Rien n’est dis-tu jaune comme la chaise de Van Gogh —et sans doute, tu as raison.
Mais tout jusqu’au coquelicot (qui cousine avec le pavot) peut prétendre au liseron jaune de Valente —c’est indiscutable.

lundi 22 novembre 2010

Le sens du retour

Il faudrait que ce soit lui qui te revienne : on les connaît les histoires, on les a chantées, les rengaines, paraboles et Sylvestrik ; sur la grève de Saint-Michel, il pleurerait, le vieux bonhomme, et je ne veux rien savoir des filles qui chanteraient la chanson de son fils. Tu aimerais sans doute qu'on se fonde dans les légendes, tu aimerais, c'est sûr, fondre en larmes en public, mais il te prévient, il a les yeux secs. Les larmes il se les garde qui lui permettent de voir clair.
Je te propose une autre issue : il revient en effet. Il a vaincu le monstre au fond du labyrinthe. Aucune fille ne chante son nom, mais Ariane abandonnée se lamente et l'agonit d'injures.

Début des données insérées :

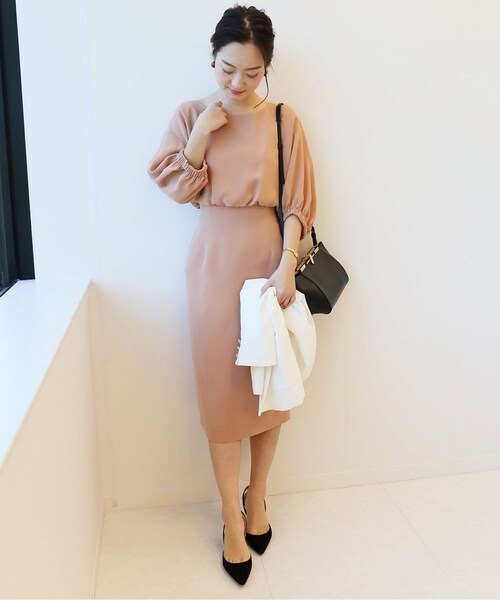 VERMEIL par iena（ヴェルメイユパーイエナ）の「ベージュ（ワンピース/ドレス・ベージュ/フリー/在庫あり）」の20枚目の写真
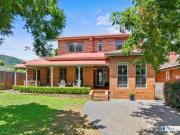 EAST TAMWORTH Dress Circle Location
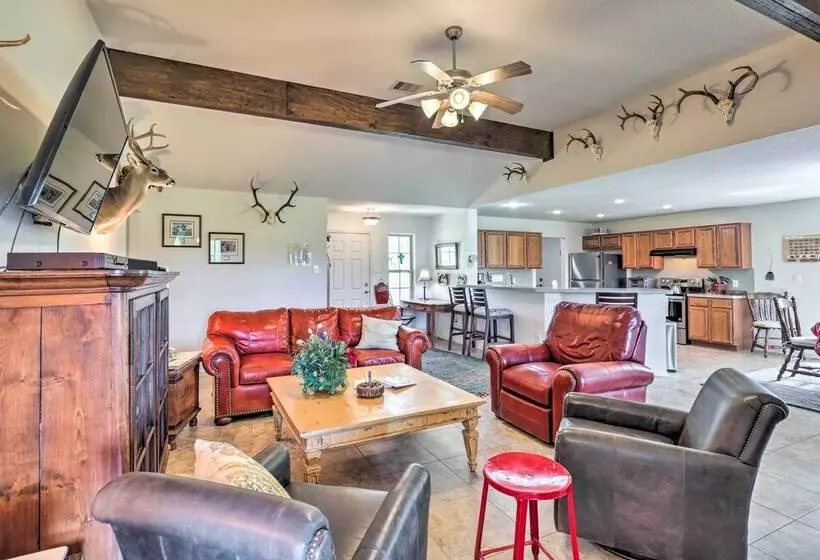Charming Cameron Farm Retreat ~ 41 Mi To Tamu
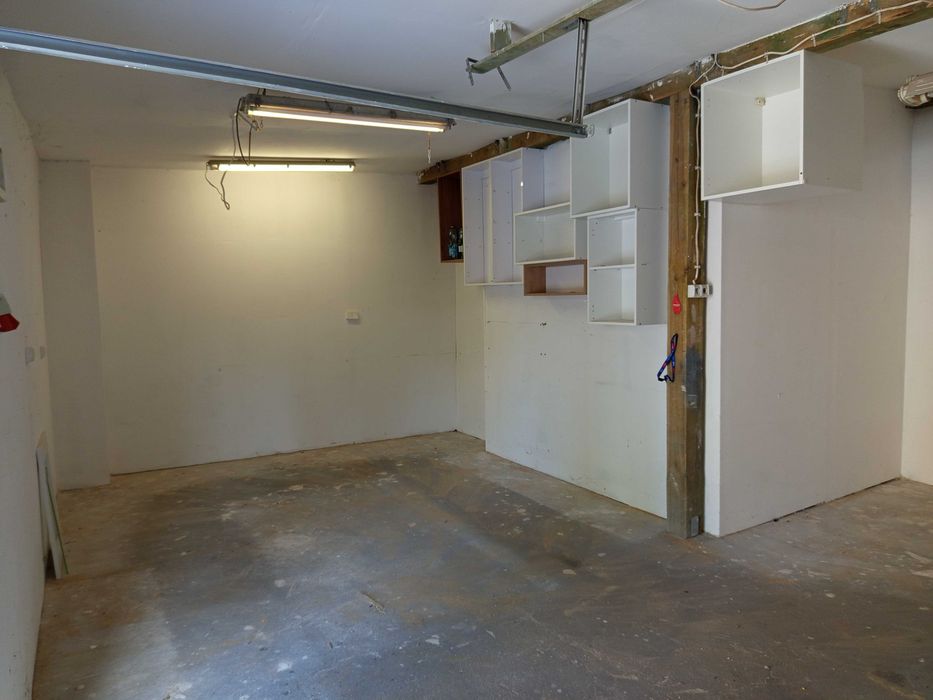 Magazyn z bramą do wynajęcia 34,70 m2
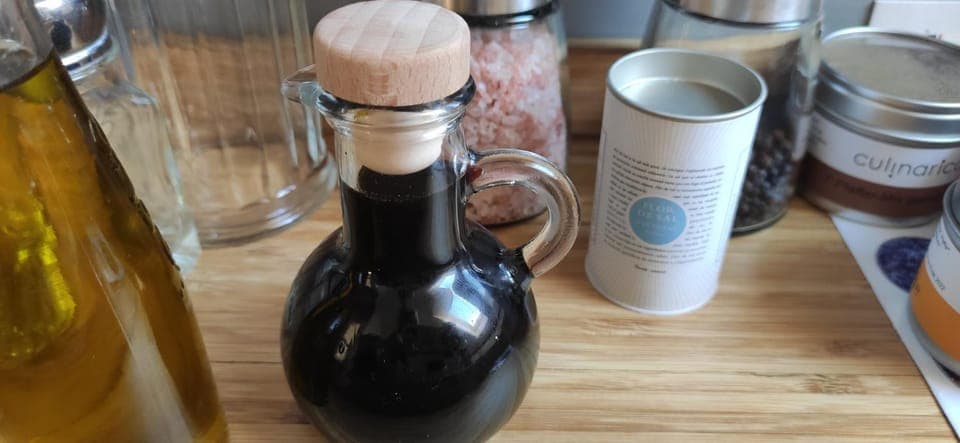 Kitchen or kitchenette, Food and drinks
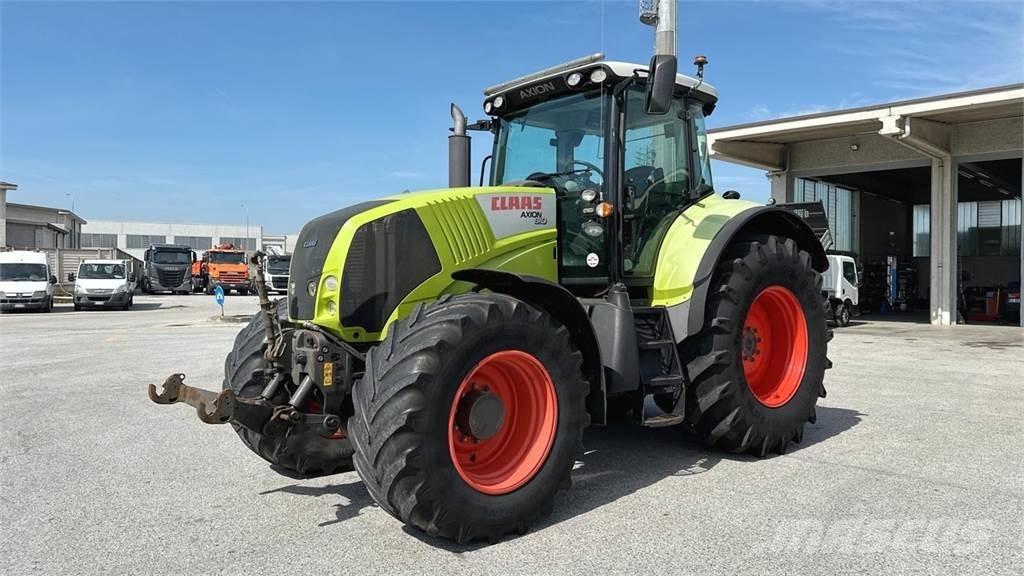 CLAAS AXION 810 4X4 Lemiesze i pługi śnieżne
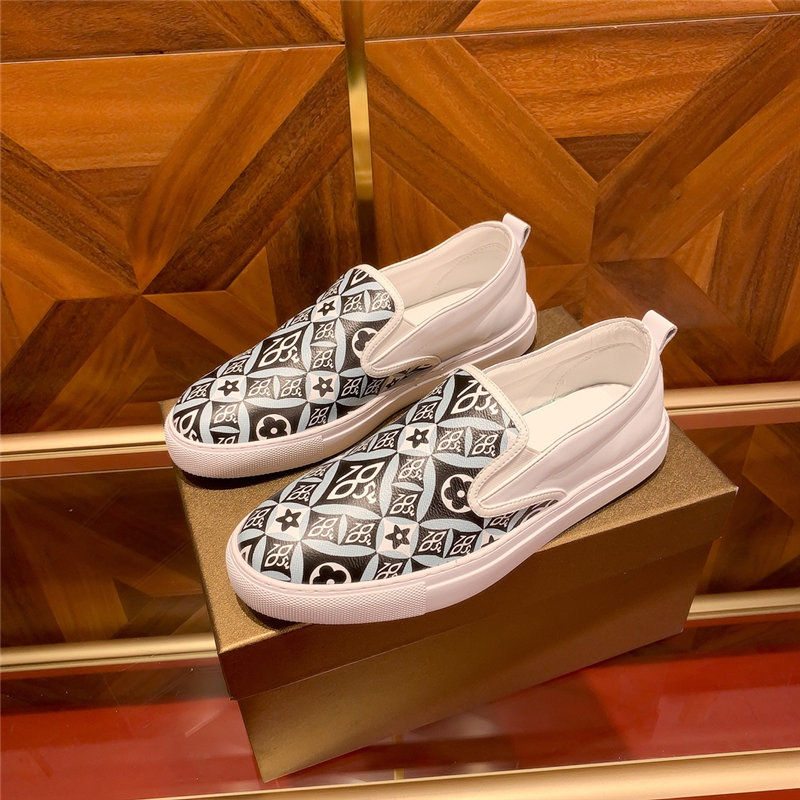 Louis Vuitton Men SNEAKER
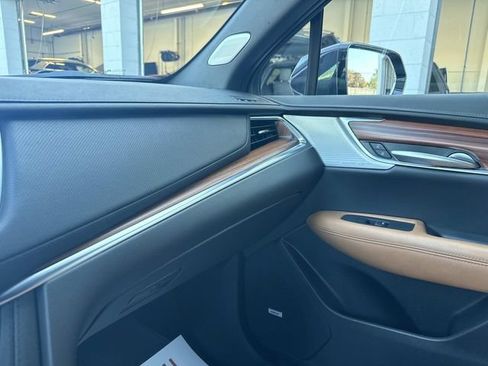 Certified 2024 Cadillac XT5 Premium Luxury AWD/4WD image 47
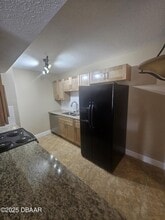 1600 Big Tree Rd in Daytona Beach, FL - Foto de edificio - Building Photo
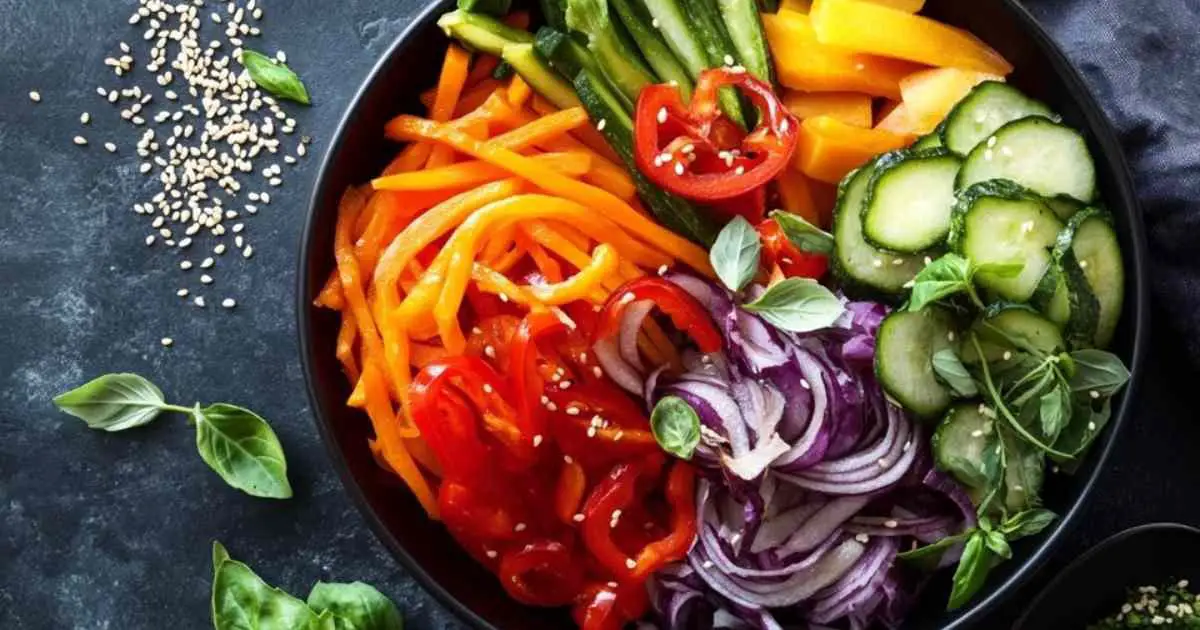Cuisson des légumes pour le ramen dans un wok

Le vieux qui n'en peut plus d'attendre n'arpentera pas la grève, mais grimpe au promontoire, pour scruter les lointains, crier sa joie, hurler son deuil, selon la couleur de la voile. Or on l'a laissée noire. Le père se précipite, que le fils, de ses yeux couleur d'huître, regarde tomber droit comme pierre dans la mer où se noie son nom.